SEEDS_3 := "41 43 44"
# H4 main: Qwen3.5-2B; if H4 falsified (vanilla hack<30%), switch to Qwen/Qwen3-4B per spec.md.
MODEL := "Qwen/Qwen3.5-2B"
# Compute-fit override for 96GB single-GPU (see docs/grpo_hyperparams.md §Our deviations).
NUM_GEN := "8"
BATCH := "16"
TINY_MODEL := "llamafactory/tiny-random-qwen3" # qwen3 arch, ~6M params, smoke only
BASE := "uv run python -m projected_grpo.run"
default:
@just --list
# fast-dev-run: tiny-random model, real pipeline end-to-end, ~1-2 min, beartype on.
# Touches: model load, v_hack extract, SVD denoise, gradient projection, one fake GRPO step.

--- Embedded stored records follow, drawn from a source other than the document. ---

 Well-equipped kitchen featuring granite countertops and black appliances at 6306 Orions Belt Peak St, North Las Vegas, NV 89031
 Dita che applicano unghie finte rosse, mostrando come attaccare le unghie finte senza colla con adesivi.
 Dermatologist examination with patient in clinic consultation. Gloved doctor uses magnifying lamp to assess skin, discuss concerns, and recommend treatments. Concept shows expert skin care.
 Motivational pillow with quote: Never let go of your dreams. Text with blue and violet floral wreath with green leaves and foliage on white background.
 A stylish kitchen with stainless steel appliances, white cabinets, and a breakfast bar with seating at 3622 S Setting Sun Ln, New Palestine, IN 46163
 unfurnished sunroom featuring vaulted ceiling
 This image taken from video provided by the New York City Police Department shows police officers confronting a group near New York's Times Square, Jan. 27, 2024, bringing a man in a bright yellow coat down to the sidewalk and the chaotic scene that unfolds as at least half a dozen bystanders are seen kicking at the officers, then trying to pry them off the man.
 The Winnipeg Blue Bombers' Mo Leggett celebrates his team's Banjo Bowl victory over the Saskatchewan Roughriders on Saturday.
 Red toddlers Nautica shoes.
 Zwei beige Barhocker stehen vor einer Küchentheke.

# Tests both pathways (vanilla, projected) in one invocation.
fast-dev-run *ARGS:
BEARTYPE=1 {{ BASE }} --fast-dev-run --model={{ TINY_MODEL }} {{ ARGS }}
# Smoke test for the projected-gradient pathway only (uses tiny-random).
smoke-projected:
BEARTYPE=1 {{ BASE }} --fast-dev-run --arm=projected --model={{ TINY_MODEL }}
# Smoke test for vanilla GRPO (no projection).
smoke-vanilla:
BEARTYPE=1 {{ BASE }} --fast-dev-run --arm=vanilla --model={{ TINY_MODEL }}
# Sync the rl-rewardhacking external repo (Nanda's verl wrapper).
sync-external:
cd external/rl-rewardhacking && git pull --ff-only
# Download Qwen3.5-2B to HF cache (warm cache before real runs).
# H: Qwen3.5-2B is the real-run model per spec.md; sub for Qwen3-4B (Nanda) to fit 96GB.
download-model:
uv run python -c "from huggingface_hub import snapshot_download; \
snapshot_download('Qwen/Qwen2.5-1.5B', allow_patterns=['*.json','*.txt','tokenizer*','*.safetensors'])"

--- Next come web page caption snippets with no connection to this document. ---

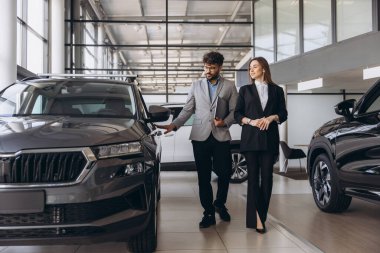 Car salesman presenting a new vehicle to a female customer inside a modern car dealership, engaging in discussion about purchasing options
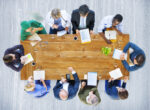 Overhead view of a team of healthcare providers sitting around a table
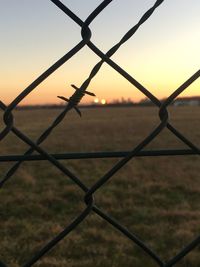 Close-up of chainlink fence against sky during sunset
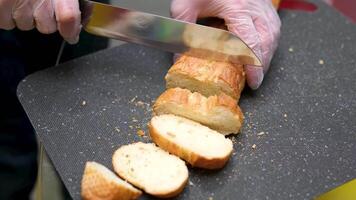 Bread slicing hands Close up shot of cutting fresh wheat bread with special knife. Preparation for breakfast or lunch. Food and drink concept video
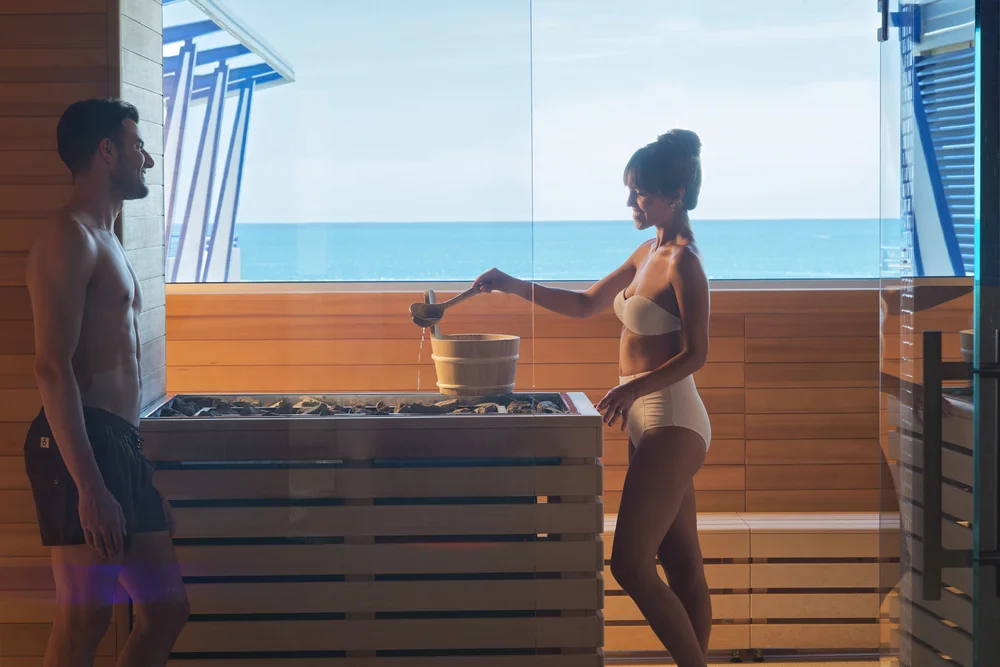 Coppia in costume da bagno nella sauna con vista sul mare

# Queue all sweep arms via pueue. Comment out arms that are done.
# Run priorities: vanilla baseline first (we need its numbers to compare).
queue:
#!/usr/bin/env bash
set -x
just queue-vanilla
just queue-projected-m16
# just queue-projected-no-svd # H2 ablation
# just queue-projected-no-magnorm # design ablation
# just queue-rebound # H3 baseline
# just queue-projected-m8 # H2 sweep
# just queue-projected-m32 # H2 sweep
# Vanilla GRPO baseline, 3 seeds. H: hack rate >30% at step 200 per spec H4.
# Real run goes through Ariahw's verl pipeline (NOT our smoke run.py).
queue-vanilla:
#!/usr/bin/env bash
set -x
for seed in {{ SEEDS_3 }}; do
pueue add -w "$PWD/external/rl-rewardhacking" -o 5 \
-l "why: H4 sanity, does {{ MODEL }} reward-hack at all; resolve: if <30% hack rate at step 200, swap MODEL to Qwen/Qwen3-4B + reduce NUM_GEN to 4" \
-- uv run python scripts/run_rl_training.py no_intervention \
--model_id={{ MODEL }} --seed=$seed \
--num_generations={{ NUM_GEN }} --per_device_batch_size={{ BATCH }}
done
# Projected gradient, m=16, 3 seeds. H1 main result.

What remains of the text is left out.